Monday, December 1, 2014
In defense of college
Some universities have convocation ceremonies, literally a "calling together" ceremony, to mark the start of the new school year. It is a commencement in the sense that students are about to commence a new chapter in their lives.
The speeches at any of these events are rarely memorable, but several years ago I heard a provost speak at the beginning of the school year and reminded students that college is not a parenthetic in life. It's easy to think of college as a sort of bridge between high school and "real" life. But in Dr. Anderson's speech, she encouraged students to see their experiences in college as stepping stones through higher education, and to strive to recognize all of the disparate opportunities for learning they were about to encounter. Some of those stones are a bit wobbly, requiring a bit more concentration and balance, while others are more firmly set and make the learning or life-experience transaction less difficult.
The Washington Post piece "In defense of college" prompted the reminiscence of that speech and what many of my colleagues and I sought to inculcate in our students. College is not just about the curriculum and the courses; it's not just about grades and GPAs. College is more than study skills and exam-taking skills. It's even more than problem-solving and critical thinking skills. As Vivek Wadhwa notes, college "also teaches students how to interact and work with others, make compromises, deal with rejection and failure, and learn."
Students learn who they are and what they believe. They begin to figure out what's important to them, what they value most and where they won't compromise. They begin to discover qualities of themselves and they begin to make decisions about how to use their strengths and how to mitigate their weaknesses.

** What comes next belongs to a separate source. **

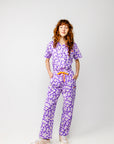 Purple Petals Scrub Set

I don't want a discussion of the value of higher education to get sidetracked by the ridiculous amount of student debt; however, students too often don't learn how to manage their finances, and students and their families have no clear idea of the implications of their student loans. As a college professor who taught at a relatively expensive school, I'd often advise students to go to a local or community college for their general education requirements rather than starting to build a mountain of debt. The Admissions office wasn't always happy with me, but it made sense to recruit students who could and would stay rather than get them into school for their freshman year, load them up with debt, and then stand by helplessly as they're forced to drop out for financial reasons. In my opinion, that's just dumb and borders on unethical.

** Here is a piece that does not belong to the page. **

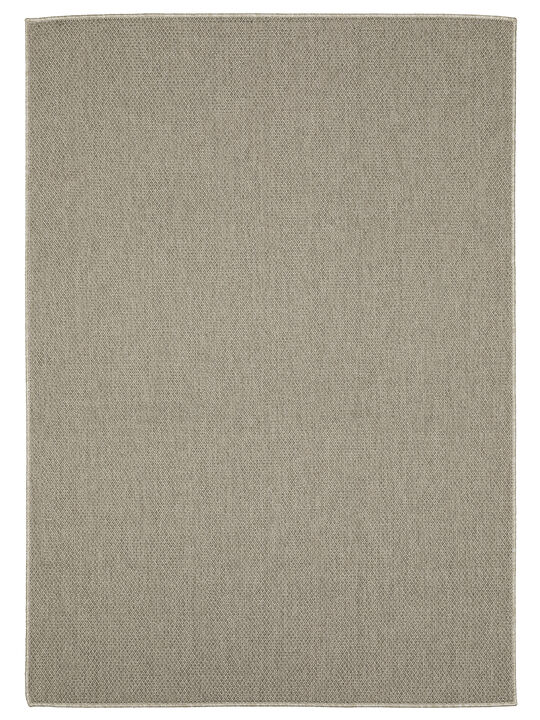 Caicos 3'3" x 5' Grey Rug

Anyway, I think it's possible for many people to be successful without going to college. But I agree with Mr. Wadhwa that there are opportunities at most universities that students simply will not be able to match if they do not go to college. Having said that, I think students need to be judicious when they start to research colleges and universities. I get being loyal and following the family legacy, but I also think that making a decision about a college is one of the first major decisions a student can make about deciding who they are and what they think they want to become. Perhaps not life-altering, but certainly an important stone as they navigate through their collegiate experience.